Expert: Learn from Dutch healthcare

Published: Dec. 8, 2008 at 1:15 PM

HOUSTON, Dec. 8 (UPI) -- The United States can learn from the Dutch Health Insurance System model, an expert says.

Co-author Pauline V. Rosenau, a professor of management, policy and community health at The University of Texas School of Public Health in Houston, examines the 2006 Dutch health insurance reform -- based on regulated competition and requiring individuals to purchase basic insurance policies.

The structure of the Dutch model provides insight into the effects that universal healthcare reform could have in the United States, Rosenau says.

U.S. policymakers seeking to establish universal healthcare should be aware that it may not control costs, Rosenau says.

In the Netherlands, insurance companies have experienced losses on basic insurance policies, healthcare providers oppose the reforms and public satisfaction is not high, Rosenau says.

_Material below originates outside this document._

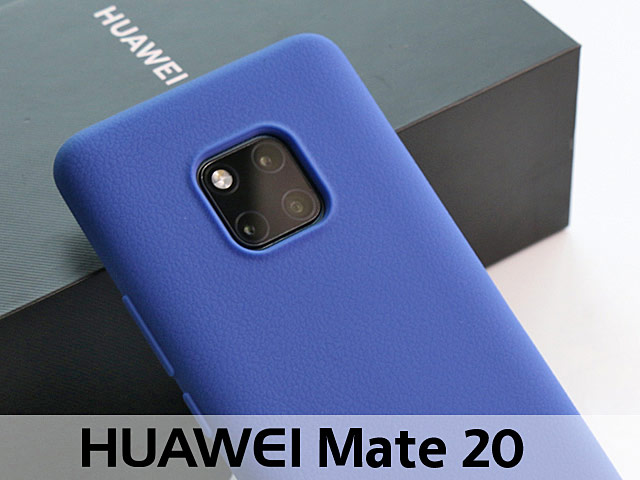 Huawei Mate 20 Pro Seepoo Silicone Case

Nonetheless, the quality and access to Dutch healthcare is sometimes better while the healthcare cost per person is half of the U.S. amount, Rosenau says.

"The Netherlands is the best test of market competition-based health insurance reform to date," Rosenau says in a statement. "But U.S. policymakers should be careful with this form of universal coverage because it has failed, so far, to reduce costs or improve quality.

The findings are published in the Journal of Health Politics, Policy and Law.